Die russische Delegation wurde auf der Roten Couch im Raphaelshaus interviewt (v.r.): Dozent Prof. Jurij Stalerov, Prof. Vadim Vinogradov, Leiter der Abteilung für Verfassungsangelegenheiten, und sein Stellvertreter Prof. Vladimir Kureev.

Foto: on

Das Jugendhilfezentrum Raphaelshaus war gestern Ziel einer Studienreise einer russischen Delegation. "Die Gäste waren sehr zufrieden", erklärte Raphaelshaus-Direktor Hans Scholten nach dem Besuch, den die Deutsche Stiftung für internationale rechtliche Zusammenarbeit aus Bonn geplant hatte. Die Vertreter der Rechtsakademie des Justizministeriums der russischen Föderation und des Ermittlungskomitees der Region St.
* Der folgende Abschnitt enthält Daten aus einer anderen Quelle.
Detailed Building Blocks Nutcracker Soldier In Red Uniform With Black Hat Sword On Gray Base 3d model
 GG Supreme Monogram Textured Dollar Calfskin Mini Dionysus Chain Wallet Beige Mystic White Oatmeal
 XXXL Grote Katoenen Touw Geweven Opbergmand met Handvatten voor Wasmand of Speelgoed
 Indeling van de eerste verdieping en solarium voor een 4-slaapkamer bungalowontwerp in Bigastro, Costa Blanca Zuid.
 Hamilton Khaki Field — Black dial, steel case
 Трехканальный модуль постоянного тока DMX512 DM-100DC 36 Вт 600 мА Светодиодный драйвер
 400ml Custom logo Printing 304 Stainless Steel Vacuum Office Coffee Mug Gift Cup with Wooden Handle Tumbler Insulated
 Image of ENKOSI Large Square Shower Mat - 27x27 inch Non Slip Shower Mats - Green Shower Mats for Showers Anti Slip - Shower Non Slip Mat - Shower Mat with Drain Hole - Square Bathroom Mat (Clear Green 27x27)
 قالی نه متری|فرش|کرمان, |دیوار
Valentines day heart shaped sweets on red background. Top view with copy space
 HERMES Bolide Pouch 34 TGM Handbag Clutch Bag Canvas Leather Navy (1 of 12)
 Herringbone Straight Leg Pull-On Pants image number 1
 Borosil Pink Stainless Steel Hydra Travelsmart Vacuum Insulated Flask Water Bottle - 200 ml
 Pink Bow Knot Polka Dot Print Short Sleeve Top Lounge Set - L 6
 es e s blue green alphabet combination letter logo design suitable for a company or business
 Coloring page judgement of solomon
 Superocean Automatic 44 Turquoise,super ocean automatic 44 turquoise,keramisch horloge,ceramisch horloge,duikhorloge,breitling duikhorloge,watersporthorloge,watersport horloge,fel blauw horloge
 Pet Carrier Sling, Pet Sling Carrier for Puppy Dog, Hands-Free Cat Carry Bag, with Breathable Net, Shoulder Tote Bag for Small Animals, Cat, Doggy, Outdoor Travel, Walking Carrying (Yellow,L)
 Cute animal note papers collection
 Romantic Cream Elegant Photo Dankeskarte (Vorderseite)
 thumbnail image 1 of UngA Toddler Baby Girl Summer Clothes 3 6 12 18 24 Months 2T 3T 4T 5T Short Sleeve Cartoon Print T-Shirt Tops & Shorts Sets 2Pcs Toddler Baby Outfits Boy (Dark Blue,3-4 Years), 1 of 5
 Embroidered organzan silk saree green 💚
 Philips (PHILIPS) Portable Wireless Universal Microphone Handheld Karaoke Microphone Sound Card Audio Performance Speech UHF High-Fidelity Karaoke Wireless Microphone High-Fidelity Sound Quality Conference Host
Petersburg interessierten sich für präventive Modelle des Jugendschutzes, um daraus Anregungen für die eigene Arbeit zu erhalten.

So besuchten die russischen Gäste, die von Ministerialrätin Beate Wandelt aus dem Justizministerium NRW begleitet wurden, neben dem Kölner Haus des Jugendrechts unter anderem auch die Dormagener Horst-Wackerbarth-Gruppe als Modellprojekt des "Jugendstrafvollzugs in freien Formen". Scholten erläuterte den Experten die Konzeption und zeigte ihnen als kleine "Welturaufführung" einen Film, den die Jugendlichen gemeinsam mit dem Düsseldorfer Fotokünstler Horst Wackerbarth über das Leben in ihrer Gruppe gedreht hatten.

Beeindruckt zeigten sich die Besucher auch von den Fortschritten, die in der Gruppe erzielt wurden. Drei russische Gäste nahmen auch auf der Roten Couch Platz, auf der Horst Wackerbarth sonst seine Interviews führt. "Die Jugendlichen hatten Fragen vorbereitet, die ein Junge den Gästen im Sinne des Künstlers auf Augenhöhe stellte", erklärte Scholten.

Nach den Turbulenzen um die Ausbrüche dreier junger Straftäter aus der am 1. August 2012 gestarteten Horst-Wackerbarth-Gruppe vor genau einem Jahr hat sich die Arbeit normalisiert. "Mit der Gruppe und ihrer Entwicklung bin ich sehr zufrieden, das Konzept greift", betont Scholten. Das dreijährige Modellprojekt, das vom Justizministerium NRW initiiert und nach dem Bekanntwerden der Ausbrüche kurzzeitig gestoppt worden war, wird kontinuierlich weitergeführt. In der Gruppe leben zurzeit fünf Jugendliche im Alter von 16 bis 17 Jahren. Ein Jugendlicher wurde im August mit erfolgreichem Schulabschluss, dem Führerschein für Gabelstapler und einer fundierten Ersthelferausbildung entlassen. In seiner Heimatstadt leistet er ein Werkstattjahr ab und sucht eine Lehrstelle als Pferdewirt. Ein weiterer Jugendlicher bereitet sich jetzt auf seine Entlassung vor. Er hat den Realschulabschluss geschafft, absolviert ein Verwaltungspraktikum und wird auf die Handelsschule gehen.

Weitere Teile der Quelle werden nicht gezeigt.